Au cours de ces années du début du XXe siècle, la vie de la capitale connaît un mouvement intense auquel Lorca peut s’identifier sans peine. C’était une période de croissance et de changement constant, de débats publics, de cris de politiciens, de revendications, de lutte. C’était l’époque de la Résidence des Etudiants, qui réunissait certains des noms culturels les plus importants de notre histoire. Lorca lui-même, Dalí ou Buñuel, Rafael Alberti ou Jorge Guillén y ont vécu. Juan Ramón Jiménez et Miguel de Unamuno étaient également présents dans ce centre qui a péri avec la guerre civile, mais qui nous a légué un cercle intellectuel inoubliable. Des talents internationaux, tels qu’Albert Einstein et Marie Curie, l’ont rejoint.

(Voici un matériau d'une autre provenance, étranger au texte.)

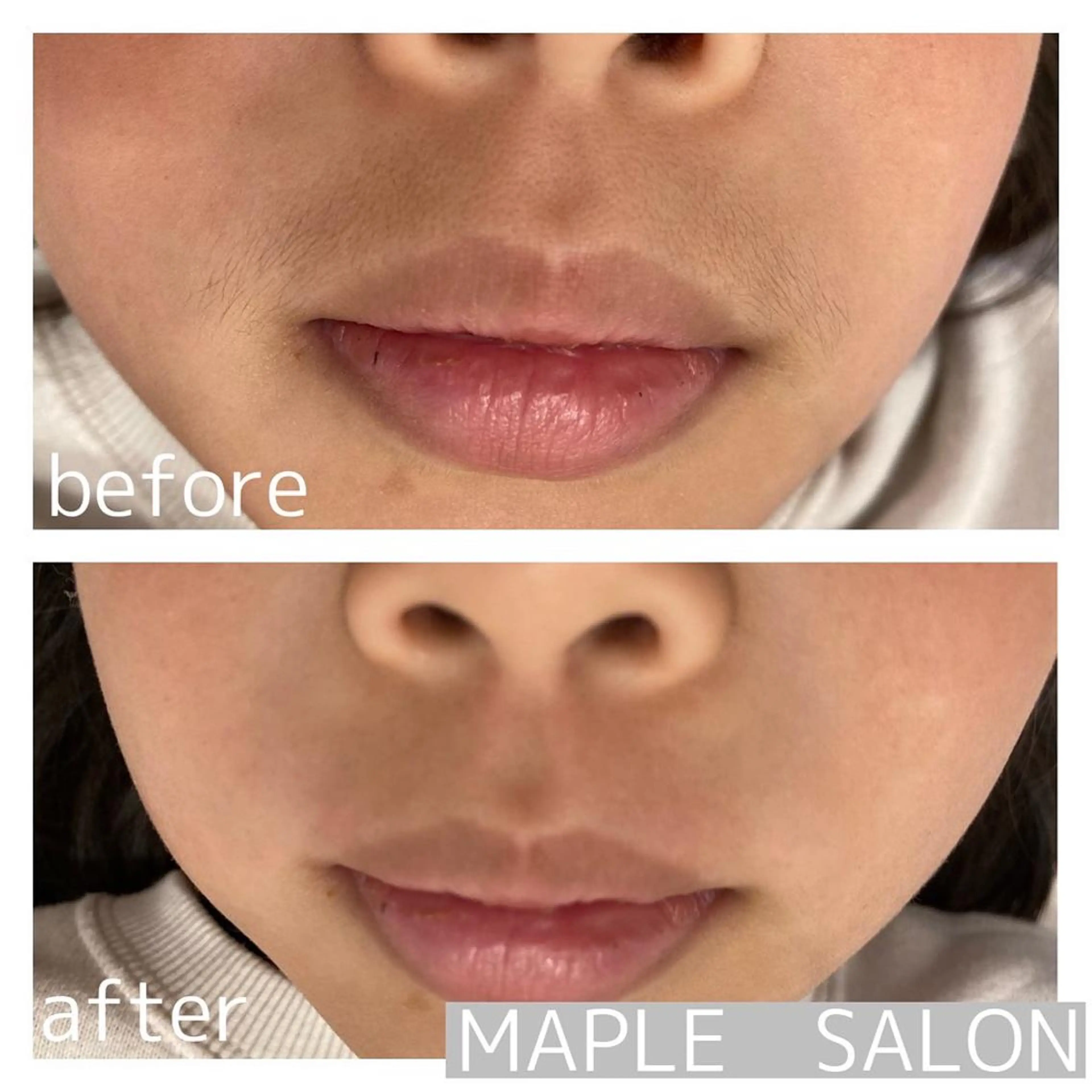 キッズ MARI シュガーリストのエステ・リラクイメージ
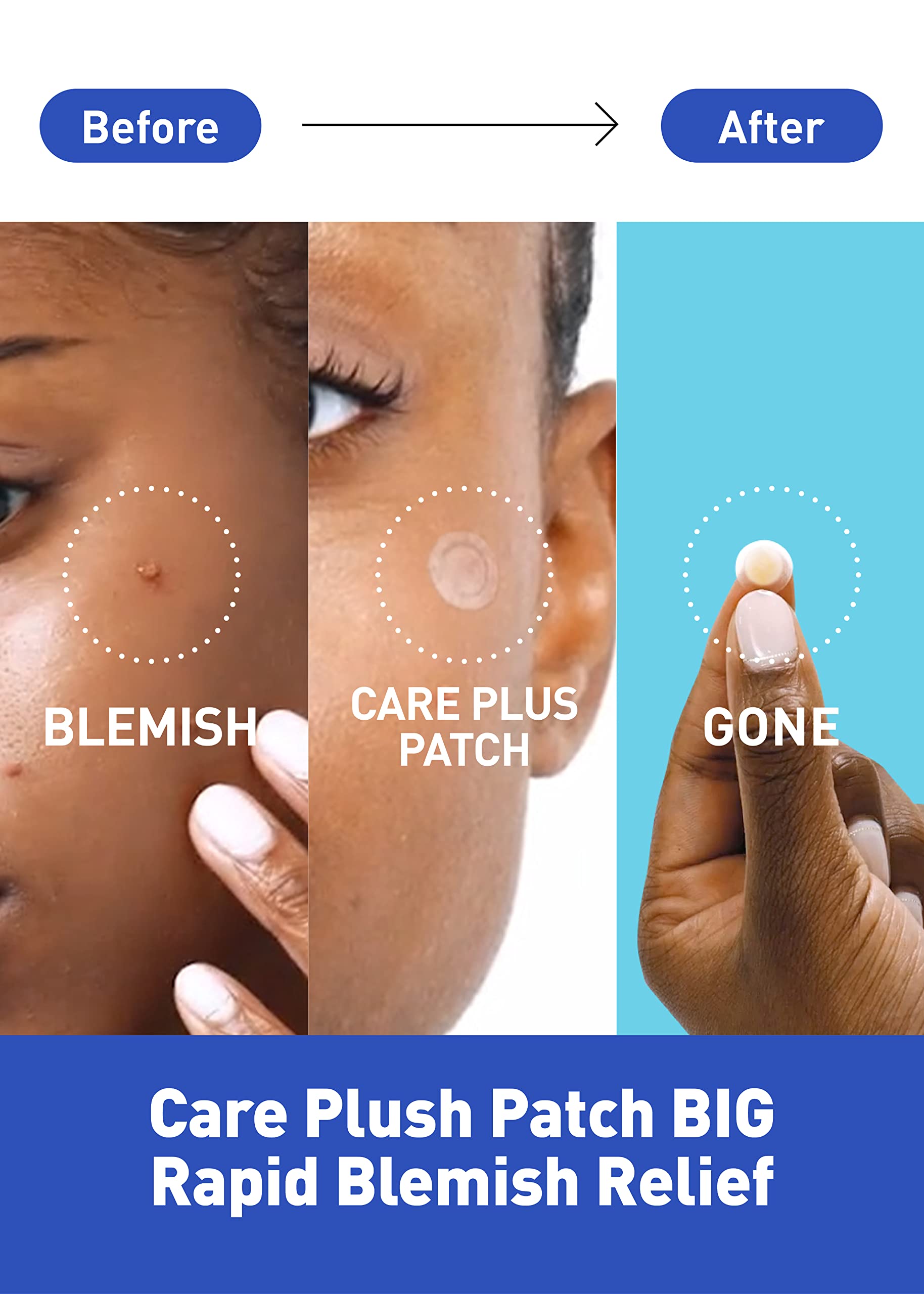 Buy now OLIVE YOUNG Care Plus Spot Patch Big (81 Count) | Hydrocolloid Patch, Spot Stickers for Acne Pimple and Zits at indiglob india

Rarement auparavant les rues de Madrid avaient connu un moment aussi riche culturellement. Nous ne saurons jamais ce qui se serait passé si la guerre civile n’avait pas effacé tant de rêves, tant de talents. Le souvenir de cette Résidence, de son héritage et de l’atmosphère qui régnait dans les rues de Madrid au début du XXe siècle explique, en tout cas, ce que le théâtre de Lorca, qui fait aussi partie de sa poésie, nous transmet aujourd’hui. Ces rues n’étaient peut-être pas les protagonistes de ses pièces, mais elles ont eu une énorme influence sur l’homme qui les a créées.

La sculpture de Lorca sur la Place Santa Ana est l'un des monuments les plus reconnaissables dans les rues de Madrid

La sculpture de Lorca sur la Place Santa Ana est l’un des monuments les plus reconnaissables dans les rues de Madrid | Shutterstock

La vie des villages espagnols

C’est lors d’un voyage organisé par l’université de Grenade que Lorca a ressenti l’éveil de sa vocation d’écrivain. Le dramaturge a visité Baeza, Úbeda, Cordoue, Salamanque, León et Burgos. Il a également découvert le nord de la Galice et la capitale où il vivra plus tard. À la suite de ce voyage, il a écrit Impressions et paysages en 1918.

Et il a passé une grande partie des dernières années de sa vie à voyager. En 1931, il fonde La Barraca, une compagnie théâtrale dédiée à la représentation des classiques, de Lope de Vega à Calderón de la Barca. L’objectif de La Barraca était d’amener l’art du théâtre dans des régions du pays qui n’auraient pas eu accès à ces œuvres.

Donc : Madrid à Federico García Lorca, oui, mais aussi l’Espagne, toute l’Espagne.